Auf dem vom Philosophen Bertram Russell und anderen initiierten Internationalen Kriegsverbrechertribunal in Stockholm im Mai 1967 hatte der Franzose Jean-Paul Sartre den Massenmord an vietnamesischen Menschen sogar mit der Judenverfolgung der Nazis verglichen. Die Größe des Unrechts provozierte also auch bei herausragenden Vertretern humanistischer Ideale Vergleiche, die kaum hilfreich sein konnten. Ohne Zweifel jedoch sind die verantwortlichen US-Machthaber und Militärs — darunter der "Friedensnobelpreisträger" Henry Kissinger — auf der Grundlage von UN-Charta und Völkerrecht vor dem Forum der Zivilisationsgeschichte als prominente Kriegsverbrecher zu qualifizieren. Für die Weltöffentlichkeit stand spätestens jetzt die Frage im Raum, ob der administrative Komplex des US-Systems überhaupt zu einer — von Rationalität und Respekt vor anderen Kulturkreisen getragenen — Weltfriedenspolitik fähig wäre. In zwei Jahrzehnten hatten Millionen US-Amerikaner ohne ein Konzept von Kulturdialog und Völkerverständigung in Südostasien für US-Regierungen agiert, deren "Werthaltung" sich faktisch in einem irrationalen Antikommunismus erschöpfte. Gegen US-Bürger, die im Protest gegen diesen Krieg ihre Bürgerrechte wahrnahmen, setzte die Regierung illegale und auch tödliche Mittel ein. Für ihre Idee vom Nation building in fernen Ländern fand die politische Machtelite danach auf Jahrzehnte hin keinen richtigen Rückhalt mehr im eigenen Land. Gleichwohl hinderte das spätere Administrationen nicht an Militär- bzw. Geheimdienstoperationen im Nahen Osten oder in Süd- und Mittelamerika, wo faschistische Regime direkte und verdeckte Stützung erhielten. Die Flagge des Antikommunismus wurde dabei auch mit dem Blut zahlreicher ermordeter Christen gefärbt. Die prominenten Mörder und Diktatoren des amerikanischen Kontinents hatten fast ausnahmslos die berüchtigte "School of the Americas" absolviert. Dem durch den CIA ermöglichten Militärputsch in Chile am 11. September 1973 folgte bis heute eine endlose Liste weiterer US-Interventionen in aller Welt. Für die Grundsteinlegung eines militanten Islamismus auf der gesamten Erdkugel ist in erster Linie die Afghanistan-"Politik" der USA unter Präsident Jimmy Carter mitverantwortlich. Nach Ende des US-amerikanischen Südostasien-Engagements hatte dessen Vorgänger Gerald R. Ford erklärt, die USA hätten aus dem Vietnamkrieg gelernt. Wie soll man das im Licht der letzten drei Jahrzehnte verstehen?

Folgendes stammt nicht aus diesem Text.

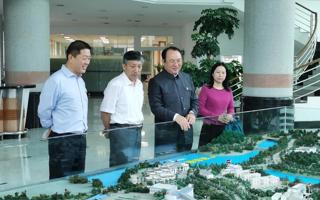 广东省民办教育协会赵康会长一行到世界杯官网调研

Weltweit geblieben ist bis heute eine hohe Achtung vor dem Widerstand von Millionen Menschen in den Vereinigten Staaten, der als Anstoß Bewegungen in Frankreich, Deutschland und zahlreichen anderen Gesellschaften der Erde nach sich zog. — In den 80er Jahren folgte ein weltweit verbundener Protest gegen die atomare Aufrüstung. — Bis zur Stunde sind die in diesem Zusammenhang von unten gewachsene Modelle der US-Kultur Beweis für die Möglichkeit von gewaltfreiem Widerstand und zugleich der wirksamste Wall gegen einen von Eurozentristen instrumentalisierten "Antiamerikanismus". Bezeichnender Weise gehörten in der Bundesrepublik maßgeblich nur solche Kräfte zur breiten Protestbewegung gegen den Vietnamkrieg, die vordringlich die kollektive Verdrängung der faschistischen Verbrechen in unserer Gesellschaft anklagten. Auch damit war die Chance zu einer universalen Erinnerungskultur aufgezeigt, die stets beim eigenen Land beginnt und Verbrechen gegen die Menschheit nirgends aufrechnet.